Material provided:
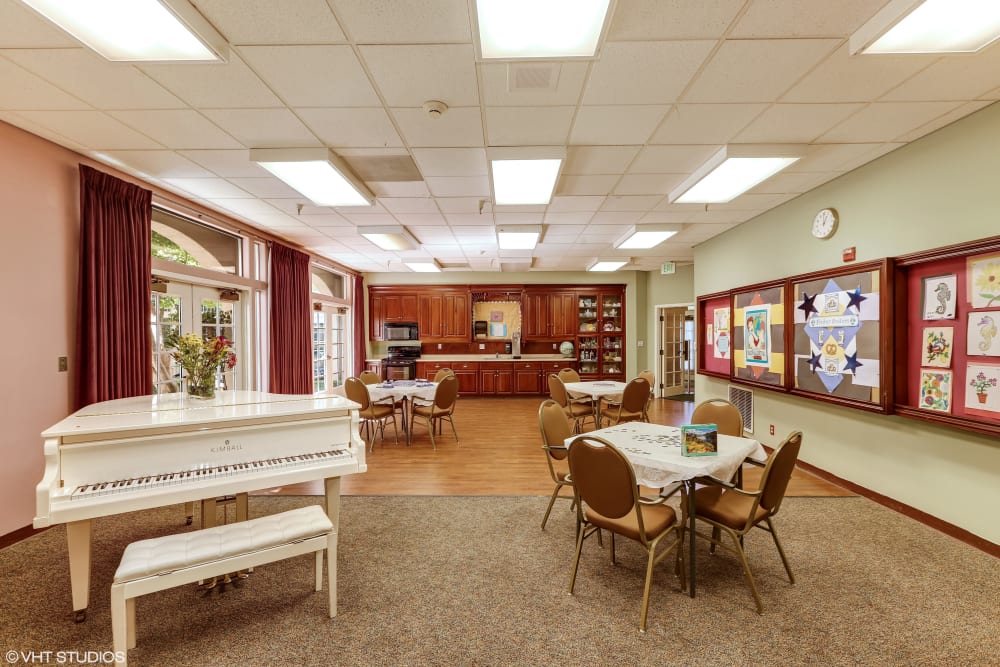 A community room at Sunshine Villa, A Merrill Gardens Community in Santa Cruz, California. 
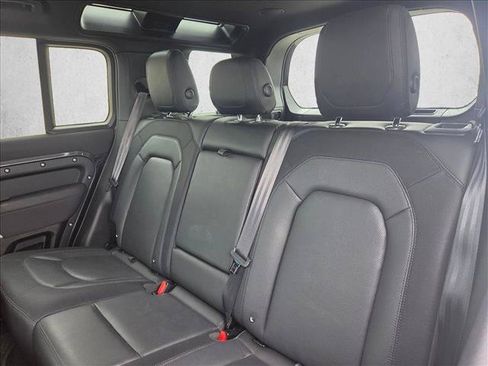 Used 2023 Land Rover Defender 110 X-Dynamic SE AWD/4WD image 13
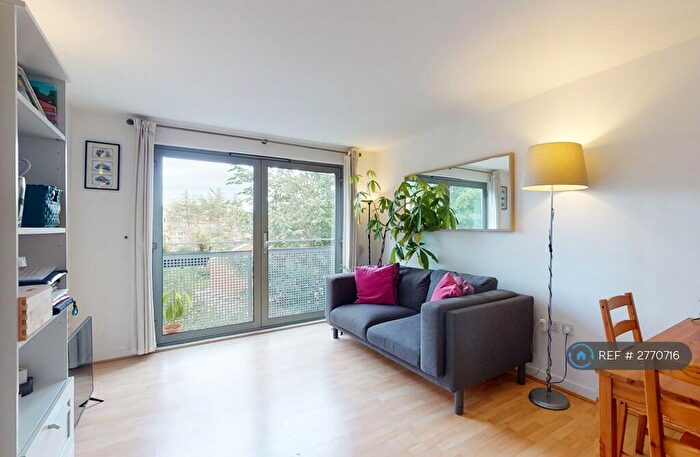 1 Bedroom Flat To Rent In Arizona Building, London, SE13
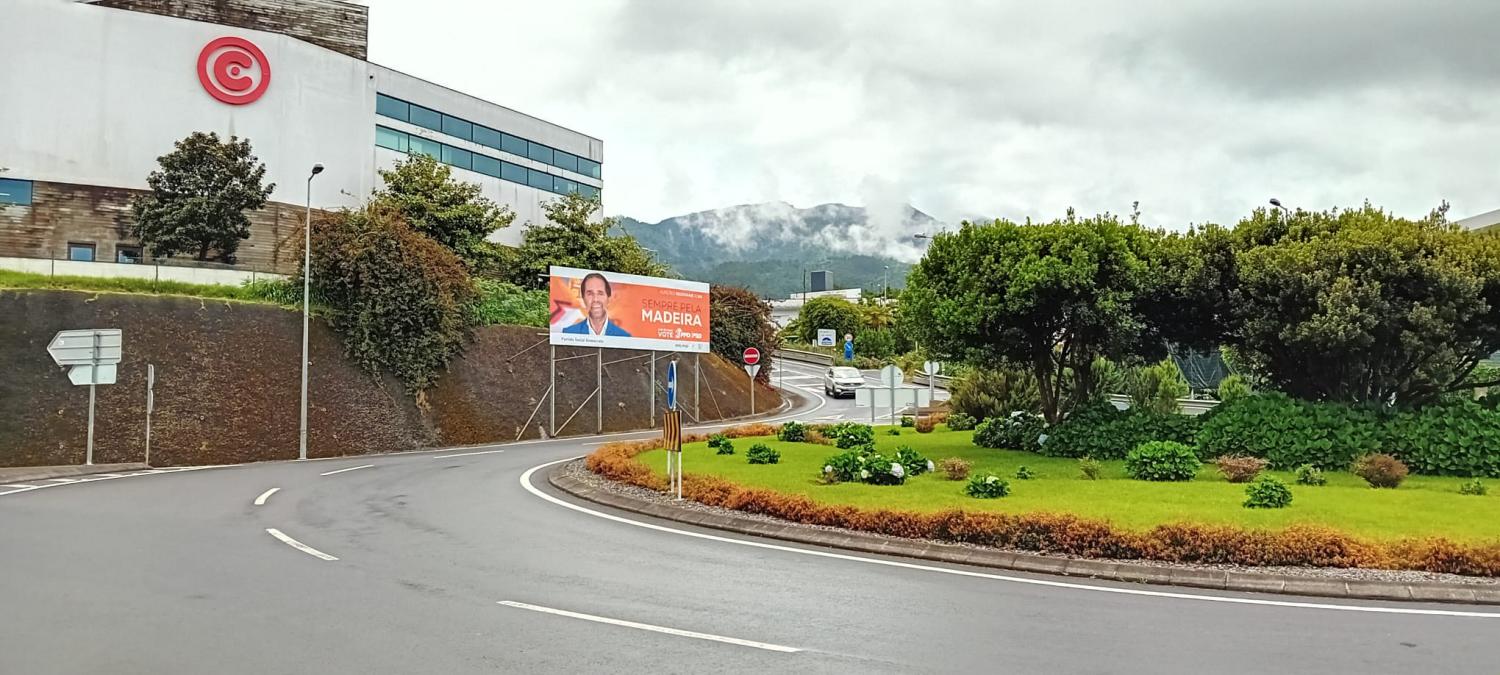 Cartazes de campanha eleitoral bem visíveis no centro de Santana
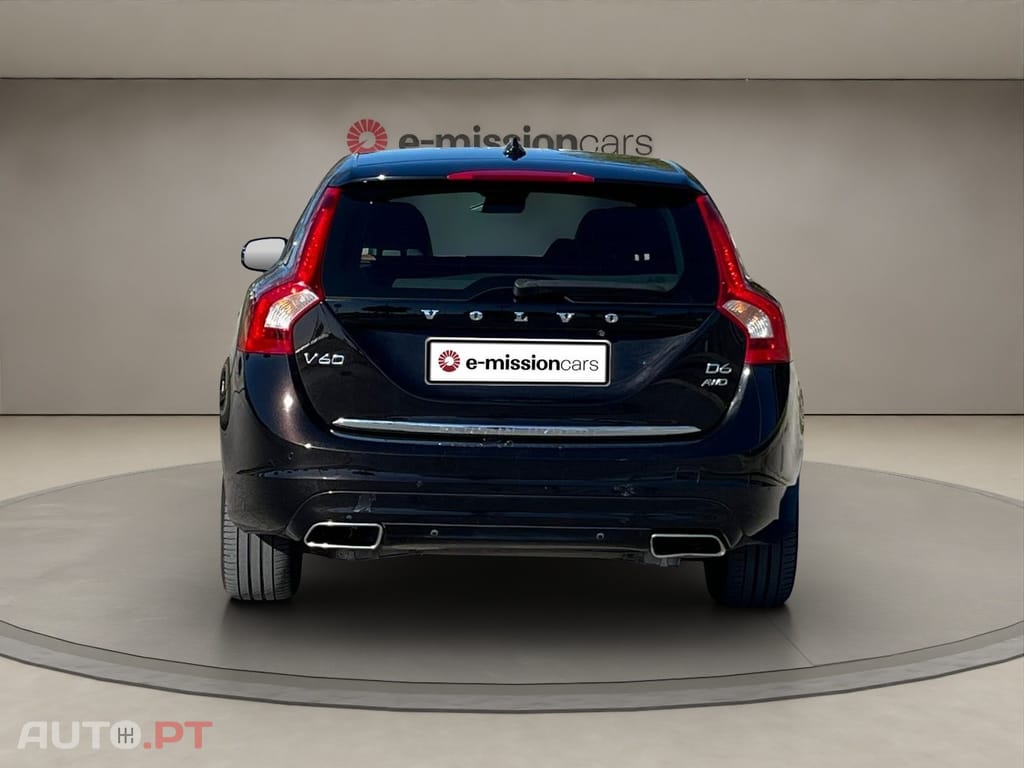 Volvo V60 D6 Twin Engine Geartronic RDesign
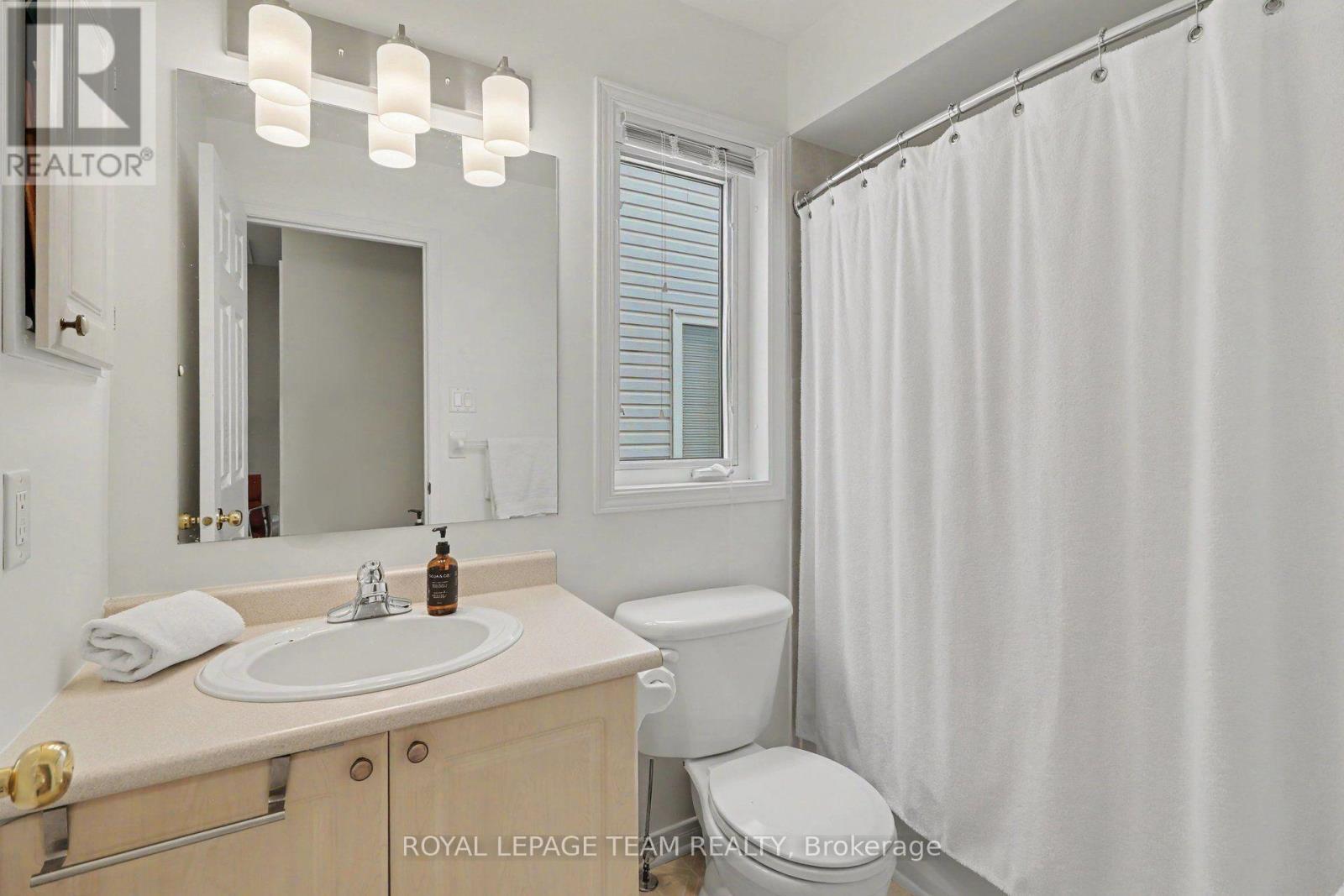 45 Coleridge Street, Ottawa, ON - Indoor Photo Showing Bathroom
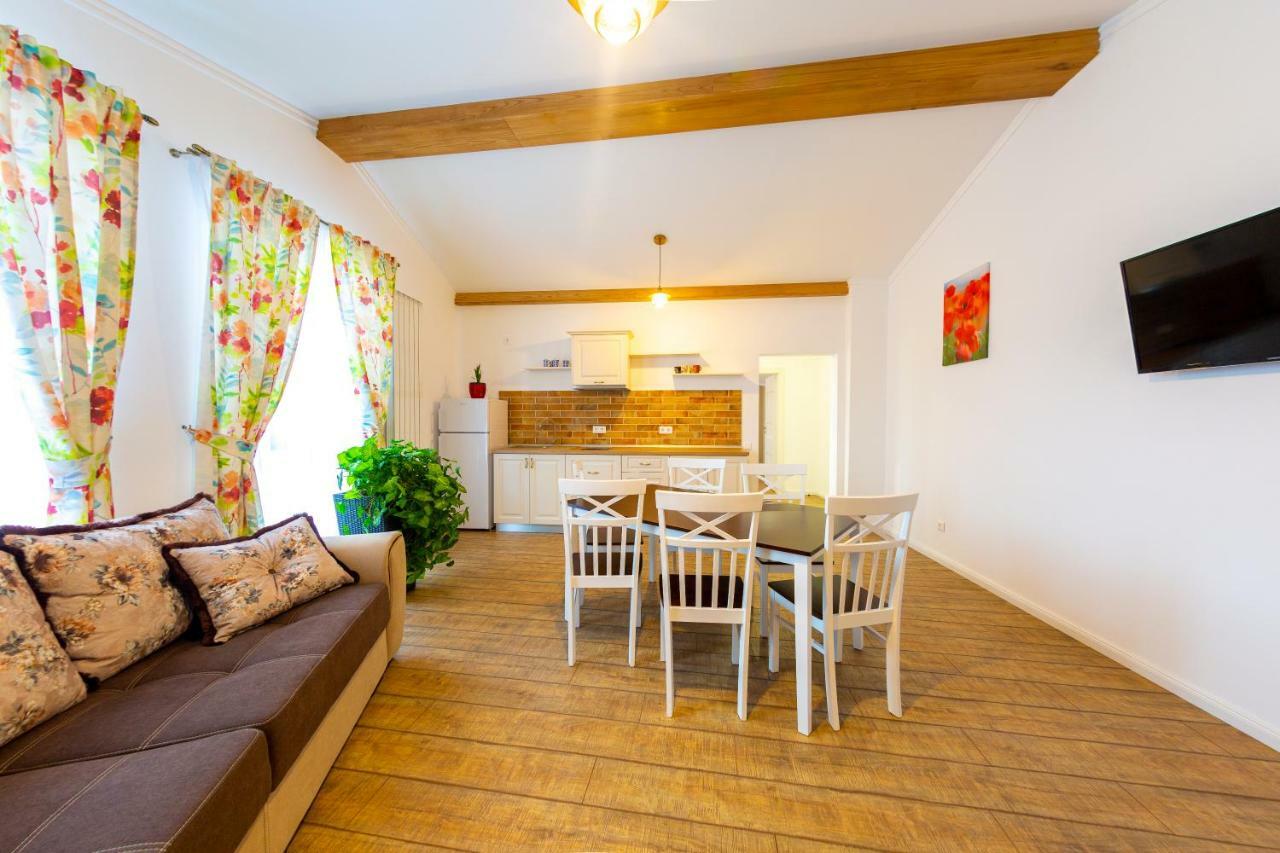 Casa Cu Nuc Hotel Alba Iulia Eksteriør billede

Directions for this task:
Only the lines from the line holding "Used 2023 Land" through the last line above belong in the answer, repeated exactly; the pictures do not.

Answer to this problem:
 Used 2023 Land Rover Defender 110 X-Dynamic SE AWD/4WD image 13
 1 Bedroom Flat To Rent In Arizona Building, London, SE13
 Cartazes de campanha eleitoral bem visíveis no centro de Santana
 Volvo V60 D6 Twin Engine Geartronic RDesign
 45 Coleridge Street, Ottawa, ON - Indoor Photo Showing Bathroom
 Casa Cu Nuc Hotel Alba Iulia Eksteriør billede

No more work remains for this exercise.